Yesterday was my first day of getting a uni coursework back date. I admit I wasn’t fussed as I knew that the grade I would get would be the grade I would get. I wasn’t looking to fail, like a lot of people were. People were so nervous, their hands were shaking and they kept feigning a ‘not bothered’ attitude towards the grade they were getting.
“Wheey for getting a fail!”
“It’s only first year. It doesn’t matter at all.”
“If we fail – PUB!”
These are the loud mutterings I heard from across the room, in the long line for the queue.
When I finally received mine I will admit my heart did a nervous tremor, as if gearing up to do a somersault – but then deciding not to. Upon reading my results, I was pleased! I got a 2:1 in a cultural theory module essay and another 2:1 for my creative writing piece – which was the one I was looking most forward to hearing back from.
My face flushed with modest excitement. But what I saw on the comments page made me falter and, yes, get a little bit sad.
That very morning, I had yabbered on to my friend in a shower cubicle at the local swimming pool how I simply loved our Creative Writing lecturer. I yabbered on for some while, eventually telling her how I wished I could wrap him and just cuddle him, cook him eggs or something. He’s like a teddy bear, I told her. She only laughed back at me.
I take it back.
Like Mike, I was desperately unhappy.
Instead of being constructive, how he is supposed to be, he bluntly told me in the first sentence on the page that my work was:
- almost claustrophobic
I peeked across at my friends’ papers, and he was at least a little constructive towards their stories; however he did refer to my friend’s discourse as ‘mopey’. I know this is being what a writer is, and you have to take criticism. This is what people are like towards your work after college and school; there is no cushioning.

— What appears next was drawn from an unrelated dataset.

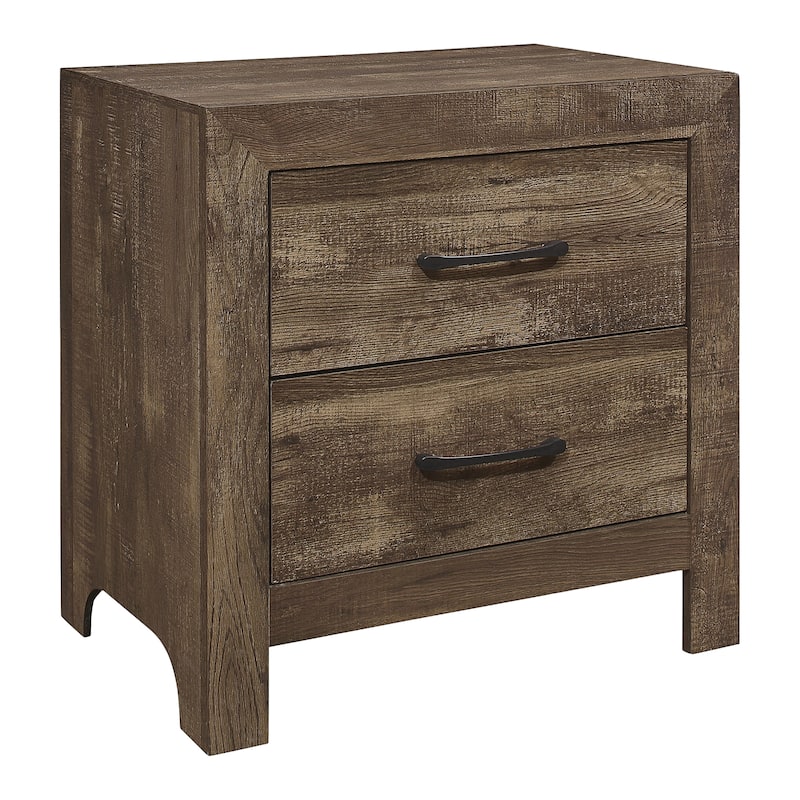 Ko Three Piece Full Size Bedroom Set, Panel Detailings, Black Metal Handles, Rustic Brown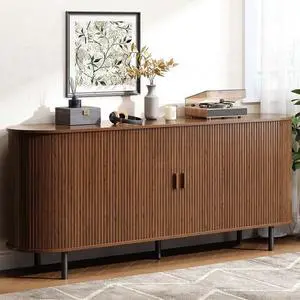 Buffet Cabinet with Storage, Fluted Sideboard Buffet with Sliding Door, Coffee Bar Cabinet with Adjustable Shelf, Console Table, Accent Table for Entryway, Kitchen (Walnut, 70 Inch) Buffet Cabinet with Storage, Fluted Sideboard Buffet with Sliding Door, Coffee Bar Cabinet with Adjustable Shelf, Console Table, Accent Table for Entryway, Kitchen (Walnut, 70 Inch)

I know that. It was just a little disconcerting.
This is what happened in my mind.
But I know I can write better. I wasn’t sure of the story myself. I shaped it into something I didn’t know, and didn’t want. I recognise that myself. But I know lots of good things can come of this incredibly negative, disheartening feedback. After 24 dull hours of contemplating, I have come through with an energetic mind and so many ideas for new stories and projects, I was even buzzing in work, so when it was quiet, I pulled up a few blank receipts and scribbled story ideas on that.
My supervisor asked what I was doing, and I mumbled something unintelligible about story writing, embarrassed.
And so, I rise triumphant, defiantly writing vague ideas for new stories and new beginnings.